The meeting of the RBA board will be outgoing governor Philip Lowe’s last, with current deputy governor Michele Bullock set to take the reins from mid-September.
Fresh data from the Bureau of Statistics showed that while workers’ pay packets are growing at nearly their fastest pace in a decade, company profits nose dived in June on the back of dwindling commodity prices.
The new figures will likely be viewed by the RBA as further vindication that its strategy to pursue the most aggressive monetary tightening cycle in a generation is acting as a handbrake on economic activity.
Company profits in the mining sector fell 21.3 per cent, or $11.6bn, in the June quarter, according to the latest business indicator data from the ABS.
Outside the mining sector, company profits fell by a smaller 5 per cent compared to the March quarter. Significant declines were recorded in the accommodation and food sectors, down 23.6 per cent, and manufacturing, down 8.6 per cent.
The slide in mining profits was the key driver, contributing four‑fifths of the overall decline in quarterly profits.
Just a year ago, company profits were up 28.6 per cent in the year to June 2022.
“The resources sector has seen a period of strong profits because of elevated commodity prices since the war in Ukraine.
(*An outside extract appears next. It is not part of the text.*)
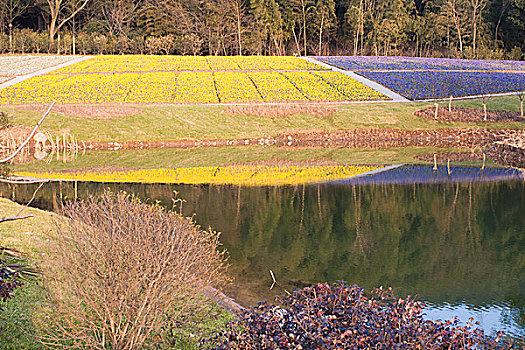 池塘花田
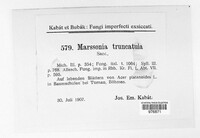 Marssonina truncatula image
But commodity prices over the June quarter declined substantially because of softening global demand and a deteriorating outlook for China,” Commonwealth Bank economist Stephen Wu said.
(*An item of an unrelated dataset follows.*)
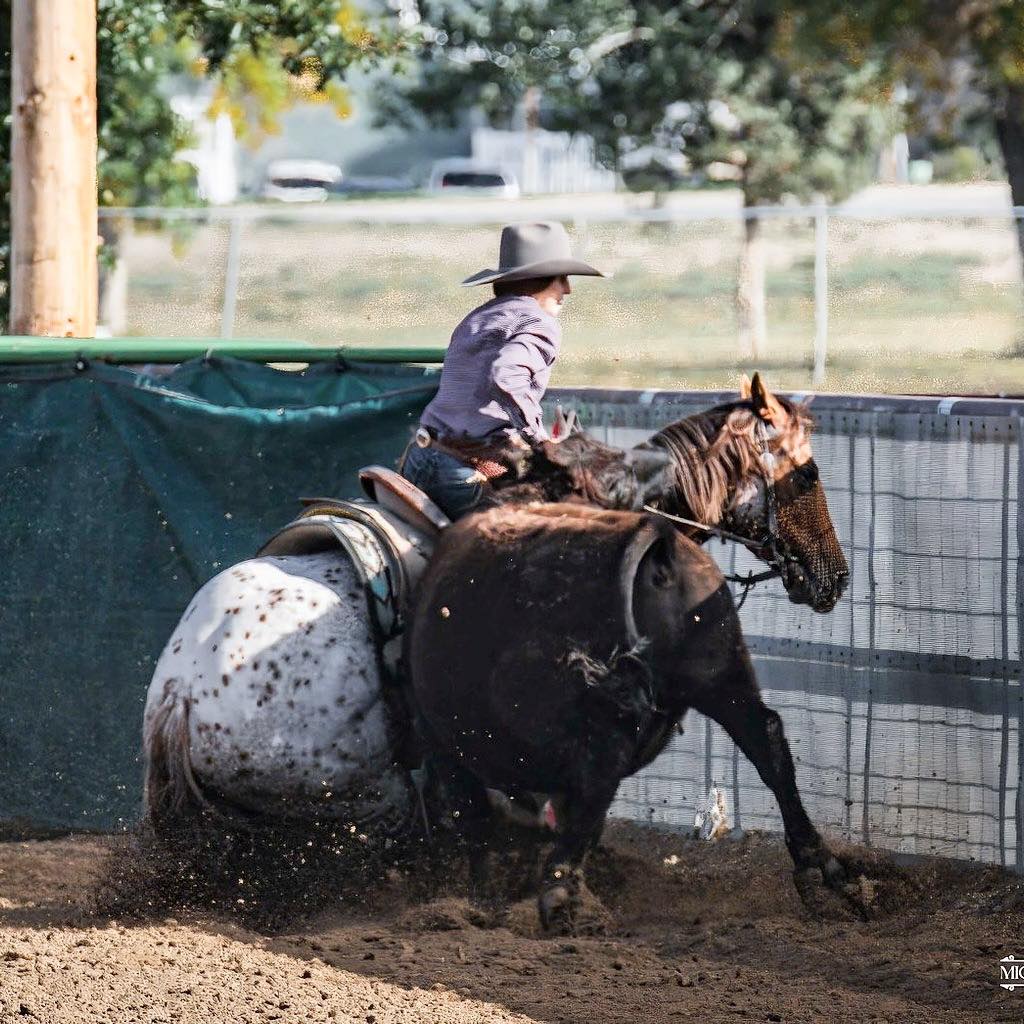 Dynamite Performance Horses | Dillon MT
Sales figures across the economy were also soft, declining by 0.3 per cent, as souring consumer sentiment and weak consumer demand weighed on domestic demand.
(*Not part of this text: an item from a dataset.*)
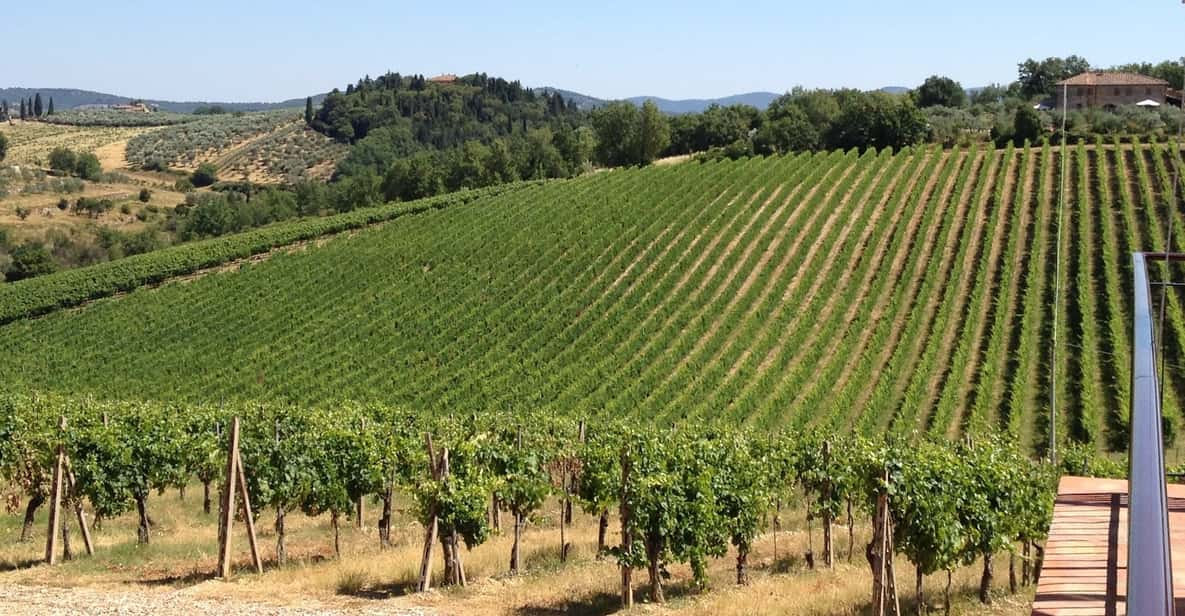 From Florence: Small Group Wine Tasting Tour to Tuscany | GetYourGuide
Meanwhile, wages and salaries across the country rose by 1.8 per cent for the quarter, taking the full year increase to 9.9 per cent.
News of slumping profits in the mining sector come just two days before the release of new GDP numbers, which will measure the overall size of the Australian economy.
Markets expect GDP to grow by just 0.3 per cent in the three months to June, causing annual growth to slip to 1.8 per cent, down from 2.3 per cent.
Inventories are also set to make a significantly larger drag on GDP growth, down 1 percentage point, after posting a fall of 1.9 per cent, much weaker than median forecast expectations of a 0.4 per cent increase.
In separate data, household spending recorded an overall decline in June as the continued cost-of-living crunch and high interest rates squeeze family budgets.
Discretionary purchases in the June quarter recorded a 3.3 per cent drop, with clothing and footwear falling by 7.5 per cent, furnishings and household equipment by 7.9 per cent, alcohol and tobacco by 4 per cent and recreation by 3.9 per cent.
On Tuesday, the RBA will announce its September rates decision at 2:30pm.
Households with an average mortgage size of $585,000 are now paying $1,415 more every month than they were before the RBA started its current tightening cycle in May 2022.
A surprise rate hike of 25 basis points would increase average monthly repayments by another $96.